Waiting for an elevator in the marble-lined lobby of the Senator Burns Building can take a while. All around me, students and faculty are rushing to get to Business class or Tim Hortons; others quietly check their emails or chat with friends.
We’re dependent on the technology behind these busy elevators to get us where we’re going. An elevator arrives, eventually, and its machinery hoists each diverse carload to our respective destinations.
Elevator operator was once an occupation. Now, with the push of a button, technology does all the work — and that’s just one example of jobs disrupted by technological advances. Construction, manufacturing, transport, energy, business — today robotics, artificial intelligence and other technologies are replacing workers in almost every sector.
As well, online connectivity means more people can work from home rather than an office. Social and technological change have never been as widespread, as fast or as complex as right now. There is concern over which jobs will disappear next, and debate about the skills workers need to stay relevant. What is the future of work?

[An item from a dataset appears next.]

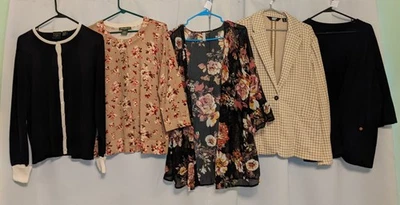 Lot XL Cardigans Sweaters Blazer Lands End Eddie Bauer Anne Klein Black Beige - Image 1 of 4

That’s a question SAIT President and CEO Dr. David Ross put to a wide range of business and industry leaders recently, and it’s the theme for this issue of LINK. It’s a huge topic — one that inspires both optimism and anxiety. In researching our main feature story (page 14), writer Julie Sengl asked faculty, experts and leaders three questions about the future of work: what’s the worst that can happen, what’s the best that can happen and what’s most likely to happen.
I have pondered those questions myself, and I think what’s most likely is humans will continue to adapt. This issue of LINK includes stories of an alumna who identified a need, then created a business to meet it (page 46); an alumna who made her dream career a reality (page 28); and four people who prove artisanal skills remain relevant in a tech-driven world (page 24).